In fact, the American help is not help in the sense that we normally understand help. It is not voluntary, it is obligatory. It is not a matter of choice, it is a matter of necessity. It is not a matter of entreaty, it is a matter of treaty. The Americans are duty-bound to help us, whether we allow them to put up military bases here or not. Indeed, whether we allow them to use our military bases or not. Which raises the stupefying question of why we need to give them access to our bases to get that help. Which raises the brain-addling question of why we need to give them a new haven to get that defense.
We already have the Mutual Defense Treaty, which compels them to come to our aid when we are being attacked. We are being attacked. Why is that help not there? Why is that help not being demanded by us even now? Why is that help not forthcoming unless we enter into another agreement to enforce an agreement that doesn’t seem enforceable without new agreements?
Second off, this is trading a birthright for a bowl of porridge, as Esau did his to Jacob. Or for those who do not like metaphors, that is trading off something of enormous value for something utterly trivial out of immediate need. Or more to the point, trading off the past and the future because of some transient need in the present.
What happens once the crisis with China blows over? Then we’re stuck with the Americans and their installations in our bases. In theory, it will be the easiest thing to just send them packing. The Filipino commander calls the shots, the Philippine government is in command. In practice, it is next to impossible. The fact that we’ve had American military presence in this country forever, except for a few years after we kicked out the US bases, and then not entirely so, must testify to how next to impossible it is. Whether out of their refusal to leave or out of our refusal to let them go doesn’t really matter.
Gazmin’s call for us to appreciate the Americans, while excoriating the Chinese, bids us forget our entire history.
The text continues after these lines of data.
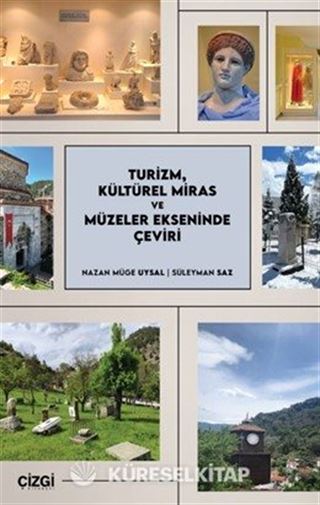 Turizm, Kültürel Miras ve Müzeler Ekseninde Çeviri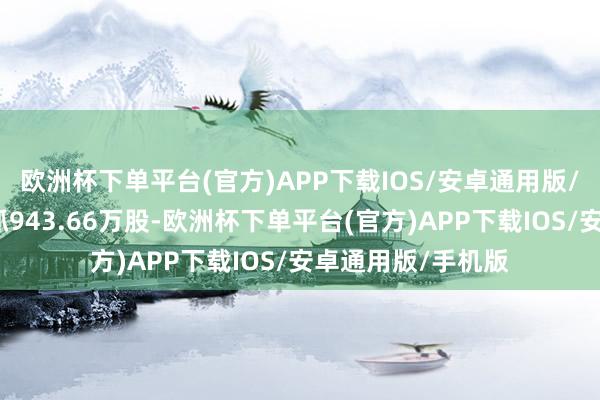 欧洲杯下单平台(官方)APP下载IOS/安卓通用版/手机版累计净减抓943.66万股-欧洲杯下单平台(官方)APP下载IOS/安卓通用版/手机版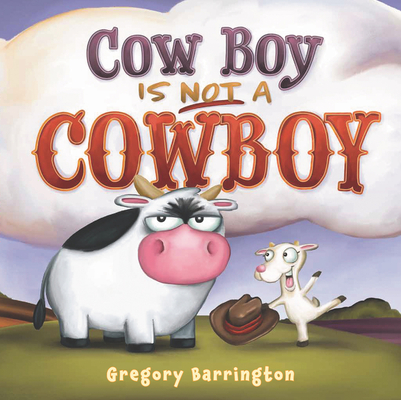 Cow Boy Is NOT a Cowboy By Gregory Barrington, Gregory Barrington (Illustrator) Cover Image
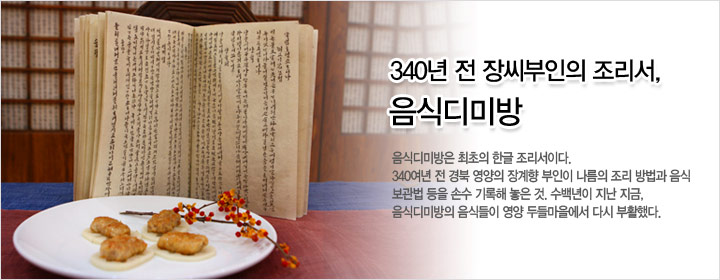 340년 전 장씨부인의 조리서, 음식디미방 음식디미방은 최초의 한글 조리서이다. 340여년 전 경북 영양의 장계향 부인이 나름의 조리 방법과 음식 보관법 등을 손수 기록해 놓은 것. 수백년이 지난 지금, 음식디미방의 음식들이 영양 두들마을에서 다시 부활했다.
That history says it was the Americans and not the Chinese that invaded us, occupied us. That history says it was the Americans who occupied a portion of our territory in military bases, and it was all we could do to push them out. That history says that despite the proffered hand of friendship, mythologized by the image of Filipinos and Americans fighting side by side in Bataan, walang iwanan, the Americans did in fact leave us to our devices, and the Filipino veterans who fought a heroic war of resistance can’t even get their due from the government they served. Hell, at least a bowl of porridge can be eaten.
That history says the Americans have oppressed us while we’ve oppressed the Chinese—by discriminating against them, by putting them in pogroms, by stereotyping them as shysters and profiteers.
And finally, why in God’s good name should it be a choice between America and China, between being pro-American or pro-Chinese? What idiocy is that? Why should our foreign relations revolve around other countries, particularly a superpower that can swallow us up and spit us out piece by piece? Why should the equation be that if you’re not rabidly pro-American, you’re resolutely anti-Filipino?
“Rabidly” is the word. Vietnam and Japan are pissed off by China, too, but they are not ceding parts of their territory, even if that means only the inside of their camps, to American troops and equipment to stop China. Vietnam and Japan are rallying world opinion to their side, too, but they are not strutting around with sabers bared declaring noisily, “Don’t mess with us, nakasandal kami sa pader.” Vietnam and Japan are trying to get the dispute settled multilaterally, too, with the help of friends and the blessings of the United Nations, but they are not willing to bind themselves to America in order to be free.
Pro-America or pro-China? Why can’t we just be pro-Filipino? To paraphrase Gazmin himself: We keep complaining about the Chinese trying to own a piece of our country, why don’t we complain about the Americans owning the whole of it?
Nasaan ang pagka-Pilipino natin?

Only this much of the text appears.